Excerpts from statement by Sabine Lautenschläger, member of the Executive Board of the European Central Bank, at the G7 2019 conference on “Cybersecurity: Coordinating efforts to protect the financial sector in the global economy”, Paris, 10 May 2019.
We see a number of trends in the financial sector related to cyber risk:
- First, the close interconnection and complexity of the financial system creates vulnerabilities which can be exploited by cyber attackers.
- Second, attackers seem to be gaining an ever deeper understanding of how the financial system operates. This enables them to swiftly detect and exploit weaknesses more efficiently and should be a concern for us all.
- Third, both banks and financial market infrastructures are struggling to find staff with the skills and experience needed to fend off cyber-attacks. Indeed, the skills gap extends well beyond the financial sector. All relevant stakeholders need to urgently work on strategies to make sure that our workforce has the right skills for our future economies, and that our society is able to reap the benefits of innovation.

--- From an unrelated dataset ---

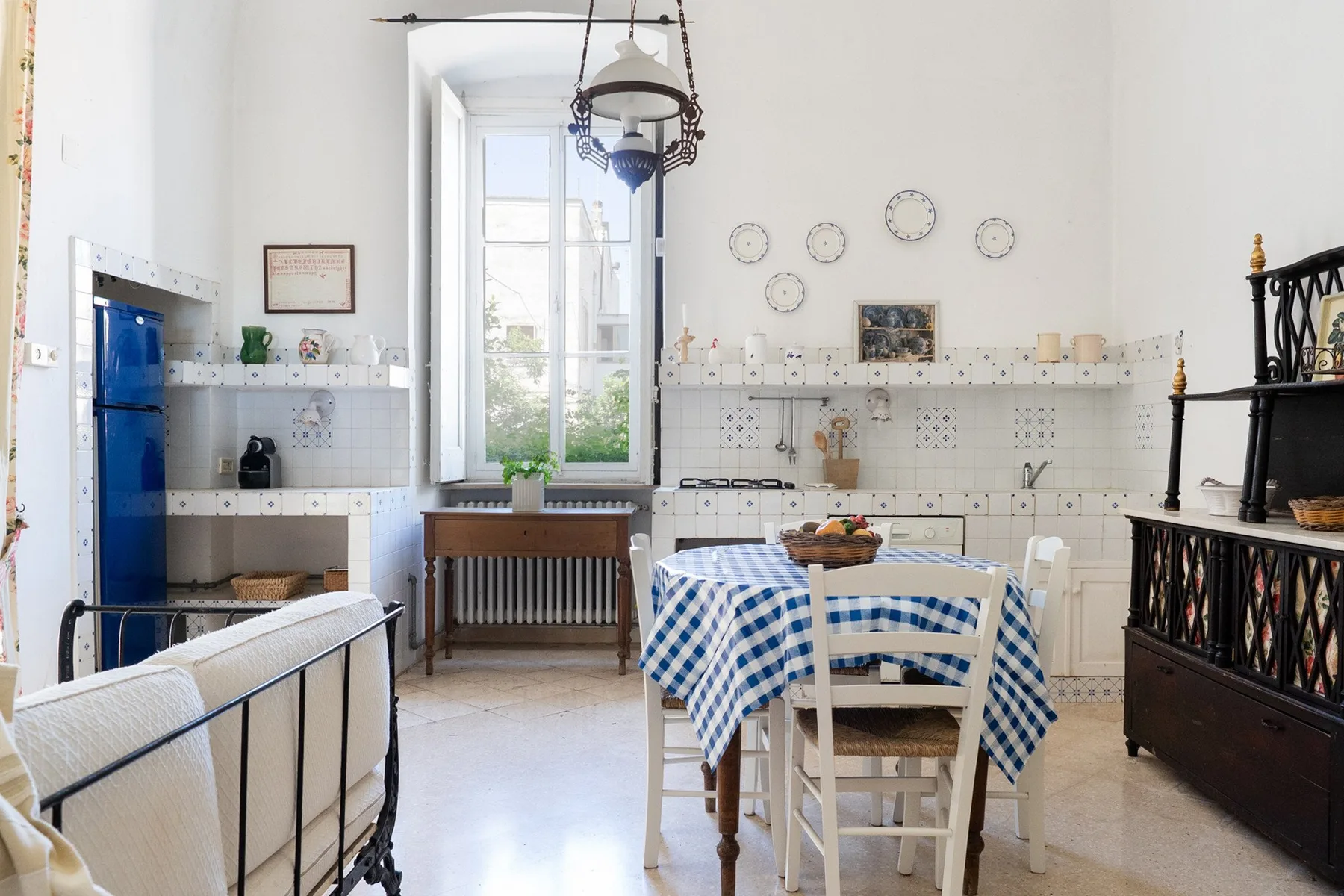 Una cocina y comedor luminosos con un mantel de cuadros azules y blancos.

- Finally, true innovation is always disruptive. Fintech might disrupt financial markets in positive ways. But it also comes with risks: fiercer competition could lead some market players to embrace and adopt new technologies, services or methods before fully grasping the related risks – cyber-risks in this case.
Banks, in particular, should aim to simplify their IT landscape. Simpler IT landscapes have a smaller attack surface. And the easier these systems are to understand and maintain, the better they can be protected. And, last but not least, we see that a significant number of FMIs still lack dedicated cyber incident response plans.

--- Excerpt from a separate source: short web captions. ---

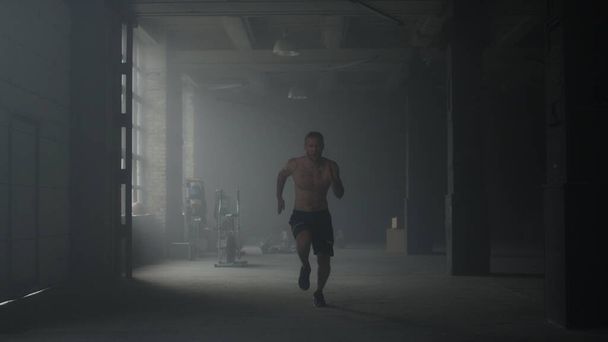 Hombre deportivo empezando a correr en el gimnasio. Chico calentando cuerpo antes de crossfit ejercicio - Foto, Imagen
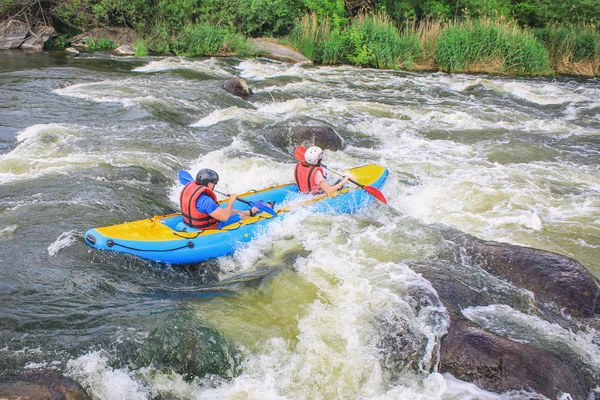 Young couple enjoy white water kayaking on the river, extreme and fun sport at tourist attraction. Rafting on the  Pivdennyi Buh River. Active adventure couple along the river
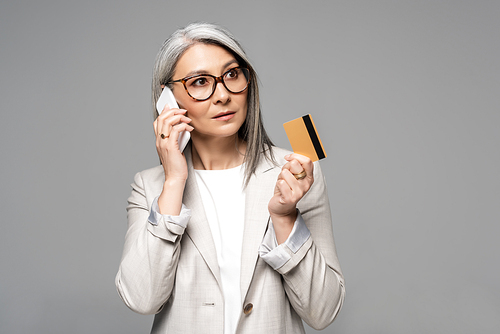 beautiful asian businesswoman with grey hair talking on smartphone and holding credit card isolated on grey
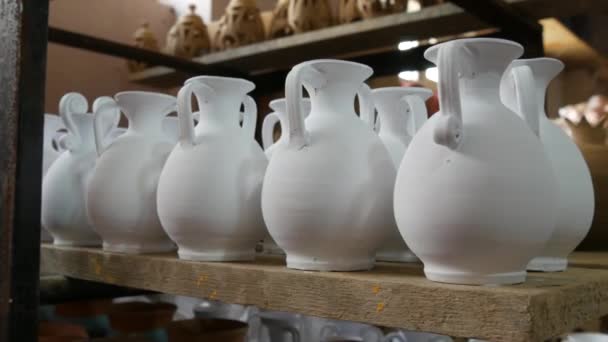 在陶瓷制造厂的摊位上 有许多人造的粘土或白色陶瓷花瓶 壶和器皿 陶瓷餐具还没有从烤箱上画出来 — 图库视频影像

To facilitate the proportionate implementation of the guidance, the ECB published the Cyber Resilience Oversight Expectations, or CROE for short, in December 2018. A tool for FMIs and overseers alike, the CROE sets out three levels of increasingly demanding expectations, tailored to the size of the FMI.
To complement the CROE, the ECB has also developed another tool: the European threat intelligence based ethical red team testing framework (TIBER-EU). By means of “ethical hacking”, red teaming helps to assess a financial institution’s ability to withstand a cyber-attack. TIBER-EU serves to guide authorities and financial institutions in conducting threat-intelligence based red teaming, and to avoid duplication through the emergence of similar pan-European tests.
But testing the resilience of individual FMIs or banks may not be sufficient. The financial system is highly interconnected and any cyber-attack could thus trigger contagion. This is why the ECB hosted a market-wide crisis communication exercise, UNITAS, in June 2018. UNITAS facilitated a discussion among pan-European financial infrastructures on a scenario in which a cyber-attack resulted in a loss of data integrity and a knock-on effect on other financial infrastructures.
The exercise revealed that there were weaknesses at the European level, which are now being followed up on by the Euro Cyber Resilience Board for pan-European Financial Infrastructures, or ECRB for short.
The number of reported cyber incidents has been rather low, the most frequent type being Distributed Denial of Service attacks (DDoS). Other reported incidents were related to unauthorized access, accidental data leakage and phishing attacks. In many cases, there was a delay between the onset of the attack and its detection. Finally, we see that attackers gained access to banks’ systems by exploiting both technological vulnerabilities, such as missing IT security measures, and human ones, such as insufficient staff awareness.
Although the number of reported cyber incidents has been rather low, I would not dare to conclude cyber threat levels are low, or even decreasing. I rather think that it is a matter of time until we experience a major attack.